Tracey Rowland has written extensively about the theological works of Joseph Cardinal Ratzinger/Pope Benedict XVI. Carl Olson of the Catholic World Report interviewed her about her latest book, Catholic Theology, which I have in my queue to read:
Theologian, professor, and author Tracey Rowland holds two doctorates in theology, one from the Divinity School of Cambridge University (the civil PhD) and one from the John Paul II Institute at the Pontifical Lateran University (the pontifical STD) in addition to degrees in law and philosophy. After studies at the University of Queensland, she lectured in Soviet and Central European Politics at Monash University while completing a Masters degree in contemporary Central European political theory. From 1994-1996 she was a Research Fellow in the Faculty of Law at Griffith University with a focus on jurisprudence and Constitutional and Administrative Law. In 1996 she won a Commonwealth Scholarship to Cambridge University to work on her doctorate. Prior to joining the faculty at the University of Notre Dame (Australia), she was the Dean of the John Paul II Institute in Melbourne for sixteen years. In 2014 she was appointed to the International Theological Commission and she is currently a member of the ITC's sub-commission on religious freedom.
Her books include Culture and the Thomist Tradition: After Vatican II (London: Routledge, 2003), Ratzinger's Faith (Oxford University Press, 2008), Benedict XVI: A Guide for the Perplexed (London: Bloomsbury, 2010), the recently published Catholic Theology (London: Bloomsbury, 2017), and the forthcoming The Culture of the Incarnation: Essays in Catholic Theology (Ohio: Emmaus Academic, 2017). She recently corresponded with Carl E. Olson, editor of Catholic World Report, about her book Catholic Theology, the various (and often competing) schools of Catholic theology today, the crisis since Vatican II, and why theology is so important.

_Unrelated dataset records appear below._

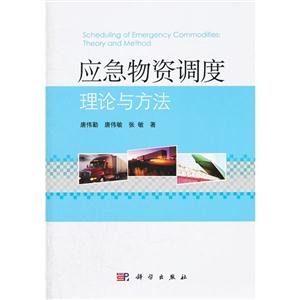 應急物資調(diào)度理論與方法 應急物資調(diào)度理論與方法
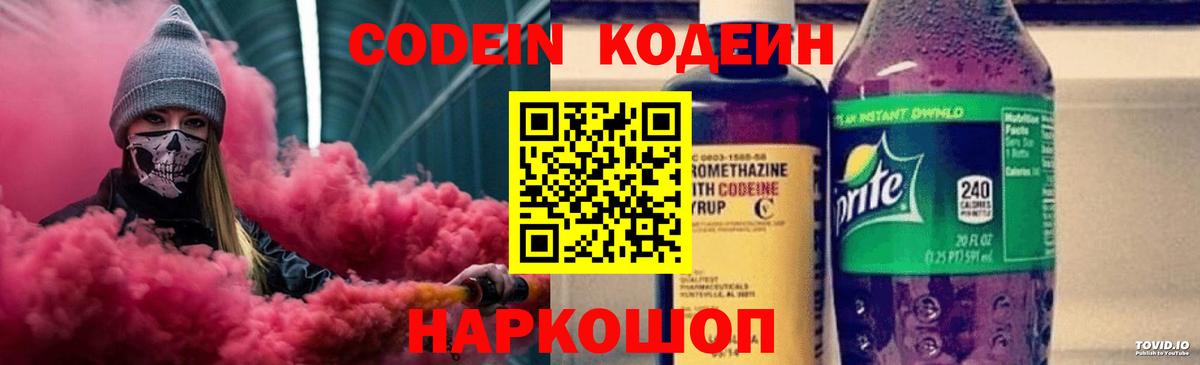 Codein Purple Drank  Кодеиновый сироп Lean напиток Lean (лин)  Анапа 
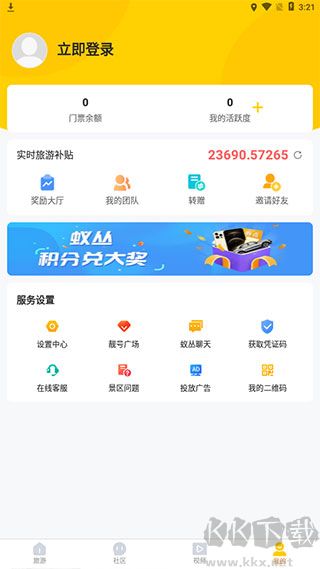 蚁丛旅游最新版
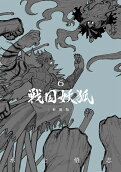 第6卷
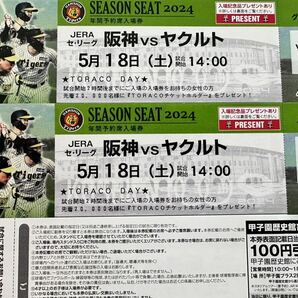 5月18日（土）阪神 vs ヤクルト 甲子園 グリーンシート1-5段どこか通路側より２席 先着でチケットホルダープレゼントありの画像1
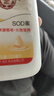 SOD蜜潤膚乳精華面霜 滋潤保濕補(bǔ)水維E乳護(hù)手霜面霜身體乳同款 SOD蜜100ml*2瓶 曬單實拍圖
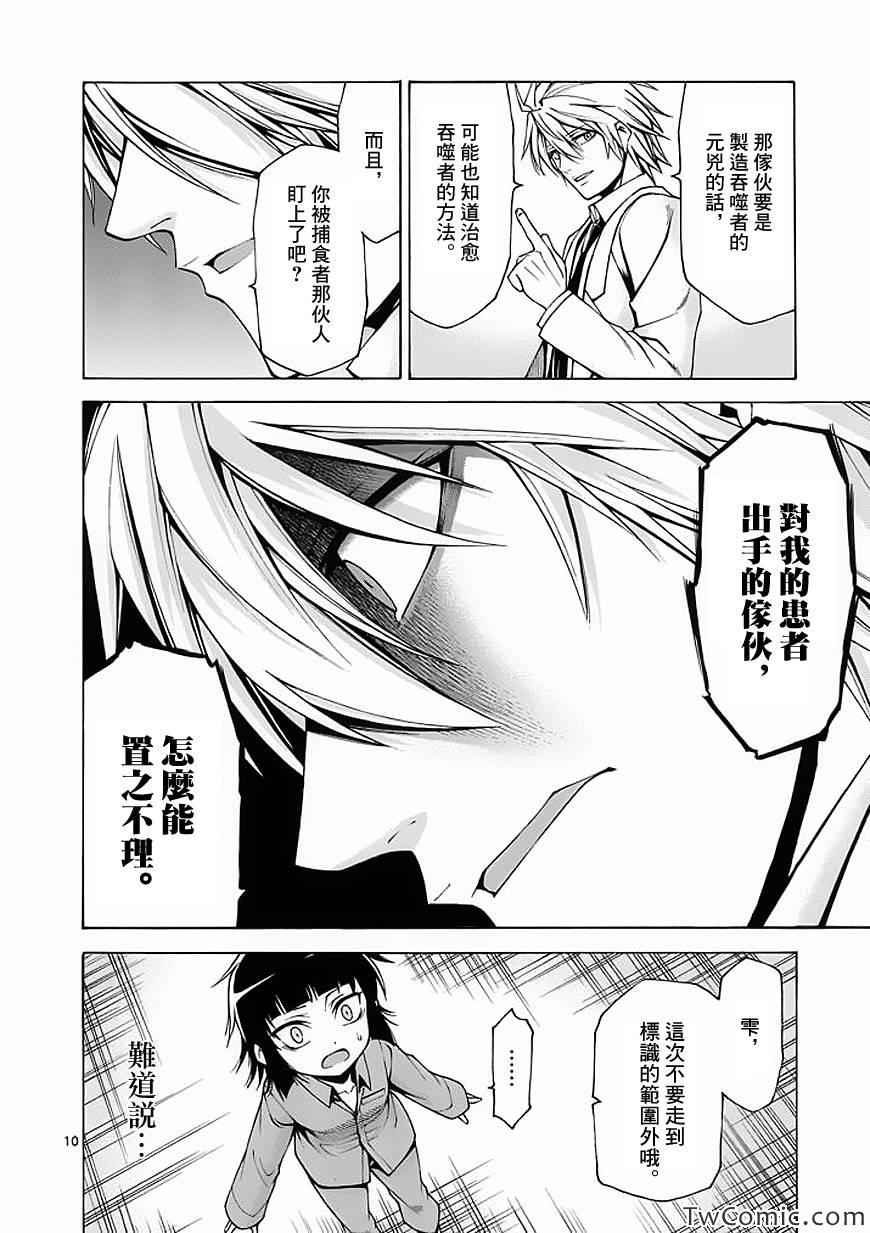 吞噬人间韩漫全集-第48话无删减无遮挡章节图片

Please read the rest there.
As I read the interview, I noticed how it really synced up with a presentation at the Spiritual Life Center I'd recently attended, “Vatican II: Continuity or Disruption? Examining the Reception and Interpretation of the Conciliar Documents.” Perhaps the presenter, Father Patrick Reilley, read her book, because he discussed the two basic schools of thought about the Council, represented by the journals Concilium and Communio that Rowland highlights in two chapters of the book and in the interview.